Au cours d’une émission, j’ai invité deux scientifiques qui avaient manifestement une connaissance extrêmement précise des questions nucléaires, Benjamin Dessus et Bernard Laponche, en face de la ministre de l’industrie de l’époque et du responsable de communication d’Areva. Aux deux premiers qui faisaient état d’erreurs grossières dans un rapport, erreurs qui avaient échappé aux autorités, et demandaient donc un débat contradictoire sur ces questions importantes, l’envoyé d’Areva répondait par des arguments tels que : « les déchets du nucléaire, c’est l’équivalent d’un camion de pompiers ». D’un côté la demande d’un échange ouvert, collectif, afin de prendre des décisions qui nous concernent tous ; de l’autre un discours de « communiquant », un beau camion rouge tout rutilant, toutes sirènes dehors, de quoi nous sauver d’un débat peut-être difficile.
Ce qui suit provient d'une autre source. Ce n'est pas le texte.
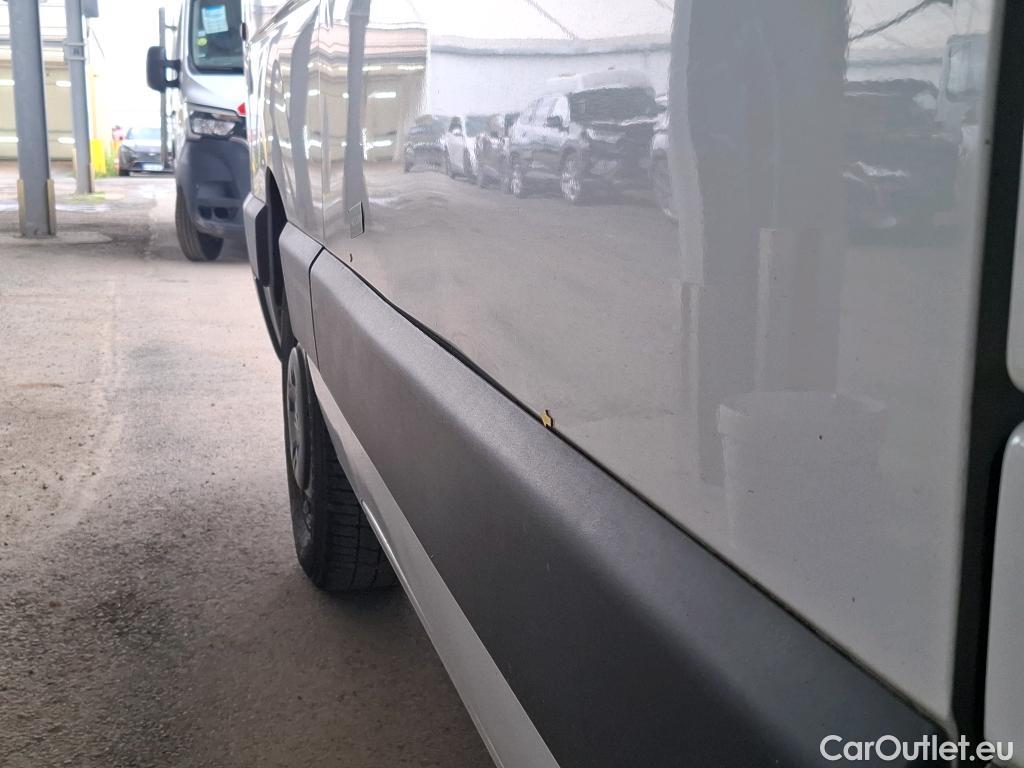  Renault  Master  Fourgon L2H2 3 5 Grand Confort dCi 135CV BVM6 E6dT #7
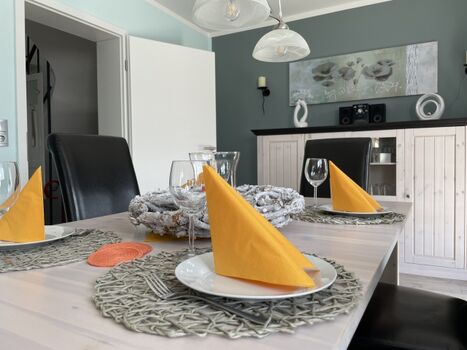 ausziehbarer Esstisch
Ce décalage entre les « niveaux de langue », je l’ai éprouvé à de nombreuses reprises. Chaque fois, en fait, que j’ai tenté d’organiser cet exercice qui est considéré comme le nec plus ultra de la médiatisation audiovisuelle : le débat contradictoire, justement.
La controverse est une bonne chose. Elle est nécessaire dans les milieux concernés et permet certainement d’avancer sur des points de doute, voire de litige. En revanche, sa version médiatique est tout autre. Elle tourne régulièrement à la mise en scène d’un pugilat version Guignol contre Gnafron, le plus éloquent, le plus drôle ou le plus rentre-dedans ayant systématiquement le dessus, sans que les arguments avancés entrent jamais en ligne de compte. Il ne s’agit plus là de controverse, mais de polémique. Contrairement aux jeux du stade barbares où il fallait voir couler le sang, notre époque apprécie le match nul et je me souviens d’une collègue soupirant d’aise : « Moi, ce que j’aime, c’est quand les auditeurs ne savent plus quoi penser à la fin d’un débat ».
Pas moi. J’ai vite compris que les questions que j’étais amenée à traiter étaient trop graves pour les cantonner à la seule polémique. Le changement climatique, la déplétion pétrolière, l’accumulation de substances chimiques toxiques dans les sols, les eaux, l’air, l’effondrement de la biodiversité... En dix ans, j’ai vu qu’on les niait, puis on les a minimisées et aujourd’hui on prétend les résoudre par la magie, fermez les yeux, tout va rentrer dans l’ordre sans qu’on change rien.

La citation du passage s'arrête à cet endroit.